A lot of the work done at Google, and in many organisations, is done collaboratively by teams. The team is the unit where real production happens, where innovative ideas are conceived and tested, and where employees experience most of their work. But it’s also where interpersonal issues, ill-suited skill sets, and unclear group goals can slow down productivity and cause friction.
Under a project called Aristotle – a tribute to Aristotle’s quote, “the whole is greater than the sum of its parts” – Google researchers set about to answer the question: “What makes a team effective at Google?”
The researchers found that what really mattered was more about how the team worked together vs about who is on the team. In order of importance:
Psychological safety refers to an individual’s perception of the consequences of taking an interpersonal risk or a belief that a team is safe for risk taking in the face of being seen as ignorant, incompetent, negative, or disruptive. In a team with high psychological safety, teammates feel safe to take risks around their team members. They feel confident that no one on the team will embarrass or punish anyone else for admitting a mistake, asking a question, or offering a new idea.

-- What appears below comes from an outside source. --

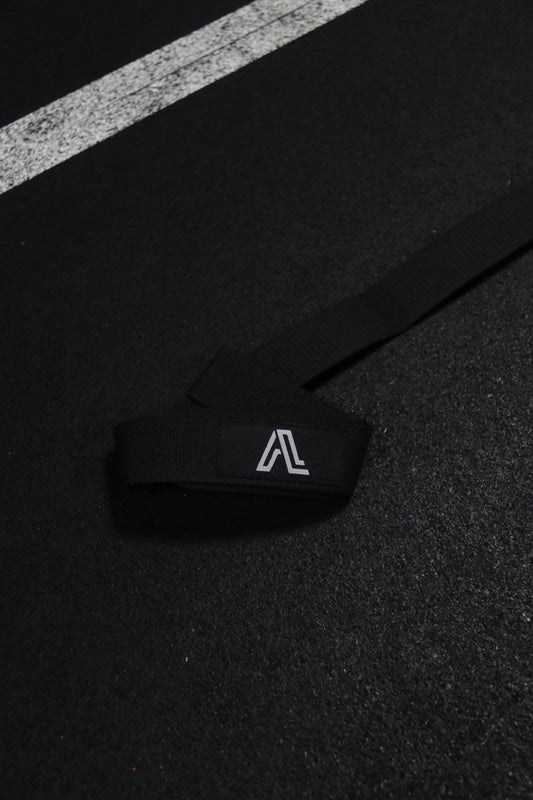 Black strap with a logo on a black surface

On dependable teams, members reliably complete quality work on time.
Structure and clarity
An individual’s understanding of job expectations, the process for fulfilling these expectations, and the consequences of one’s performance are important for team effectiveness. Goals can be set at the individual or group level, and must be specific, challenging, and attainable.
Finding a sense of purpose in either the work itself or the output is important for team effectiveness. The meaning of work is personal and can vary – financial security, supporting family, helping the team succeed, or self-expression for each individual, for example.
The results of one’s work, the subjective judgement that your work is making a difference, is important for teams. Seeing that one’s work is contributing to the organization’s goals can help reveal impact.